Best Swing On Tour (And 7 More Bests)

These are the top tour pros—from the best driver to the best putter

Photo by Michael Dodge/Getty Images

By Matthew Rudy Photos by Getty Images
May 20, 2016

It's easy to make some seat-of-the-pants calls on who's the best on the PGA Tour in various categories, such as Jordan Spieth as the best clutch putter or Phil Mickelson as the short-game wizard. But what do the statistics actually say? We commissioned Dean Knuth, who developed the USGA's Course Rating and Slope systems, to calculate combinations of tour stats during the last two seasons. Take putting, for example: Knuth created a four-stat formula and went back to the beginning of 2014. In the end, we wanted to be able to definitively say who ranks as the game's greatest in eight skill areas.

Some of the results won't surprise you, but others are less obvious.

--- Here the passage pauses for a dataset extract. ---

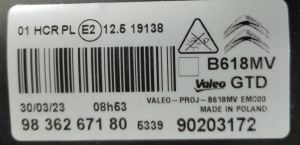 CITROEN C3 FULL LED SOL FAR 19-24 ORIJINAL SIFIR 9836267180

Jason Day might hit parabolic bombs off the tee, but he's the best at recovering from trouble, as evidenced by some clutch iron shots from the rough and bunker up-and-downs during recent wins. So then, who is the best driver? Best bunker player?

Best finisher? Read on, and check out their tips. Last thing: We polled 50 PGA Tour players on the same categories. It's interesting to see what the pros think versus what the stats say.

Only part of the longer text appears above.